MATERIAL FOR THIS TASK START
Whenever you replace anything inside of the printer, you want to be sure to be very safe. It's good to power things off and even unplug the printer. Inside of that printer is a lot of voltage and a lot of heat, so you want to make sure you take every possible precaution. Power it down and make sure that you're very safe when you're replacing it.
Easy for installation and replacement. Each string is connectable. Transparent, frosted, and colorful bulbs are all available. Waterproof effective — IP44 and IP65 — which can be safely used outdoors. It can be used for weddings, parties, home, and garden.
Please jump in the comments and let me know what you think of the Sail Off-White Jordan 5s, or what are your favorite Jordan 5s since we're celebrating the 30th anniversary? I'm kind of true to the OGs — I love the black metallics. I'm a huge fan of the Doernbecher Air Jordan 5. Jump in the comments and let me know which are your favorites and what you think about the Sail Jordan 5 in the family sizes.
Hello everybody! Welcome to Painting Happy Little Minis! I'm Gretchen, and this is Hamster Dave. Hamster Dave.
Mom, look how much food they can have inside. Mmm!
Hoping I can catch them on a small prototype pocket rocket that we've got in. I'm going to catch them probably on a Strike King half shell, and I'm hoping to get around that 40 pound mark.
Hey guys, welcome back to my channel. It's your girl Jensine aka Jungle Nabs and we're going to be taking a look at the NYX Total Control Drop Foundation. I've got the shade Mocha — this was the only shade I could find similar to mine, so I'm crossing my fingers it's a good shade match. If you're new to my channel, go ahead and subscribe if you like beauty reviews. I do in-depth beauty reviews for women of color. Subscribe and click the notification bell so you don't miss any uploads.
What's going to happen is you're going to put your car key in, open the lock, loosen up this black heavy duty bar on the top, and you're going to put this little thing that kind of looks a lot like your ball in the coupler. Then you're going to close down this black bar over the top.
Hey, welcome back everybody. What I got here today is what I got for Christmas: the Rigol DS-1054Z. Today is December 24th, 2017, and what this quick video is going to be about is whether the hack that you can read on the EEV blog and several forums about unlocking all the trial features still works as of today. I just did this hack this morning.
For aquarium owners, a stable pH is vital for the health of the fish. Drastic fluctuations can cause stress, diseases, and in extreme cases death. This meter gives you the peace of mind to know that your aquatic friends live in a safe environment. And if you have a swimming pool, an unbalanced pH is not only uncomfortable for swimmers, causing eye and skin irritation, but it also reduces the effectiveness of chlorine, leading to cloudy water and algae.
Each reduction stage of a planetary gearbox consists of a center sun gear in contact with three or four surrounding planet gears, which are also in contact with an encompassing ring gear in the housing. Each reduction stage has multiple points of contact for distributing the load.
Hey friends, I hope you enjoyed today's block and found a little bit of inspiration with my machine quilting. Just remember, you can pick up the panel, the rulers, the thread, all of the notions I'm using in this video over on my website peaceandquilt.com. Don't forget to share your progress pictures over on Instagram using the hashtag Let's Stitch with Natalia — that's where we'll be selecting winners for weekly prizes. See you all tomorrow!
MATERIAL FOR THIS TASK END
__EXERCISE AIM__.
Which lines of the data include the string "over"? Find them and copy each one.

__THE COMPLETED TASK__.
What's going to happen is you're going to put your car key in, open the lock, loosen up this black heavy duty bar on the top, and you're going to put this little thing that kind of looks a lot like your ball in the coupler. Then you're going to close down this black bar over the top.
Hey friends, I hope you enjoyed today's block and found a little bit of inspiration with my machine quilting. Just remember, you can pick up the panel, the rulers, the thread, all of the notions I'm using in this video over on my website peaceandquilt.com. Don't forget to share your progress pictures over on Instagram using the hashtag Let's Stitch with Natalia — that's where we'll be selecting winners for weekly prizes. See you all tomorrow!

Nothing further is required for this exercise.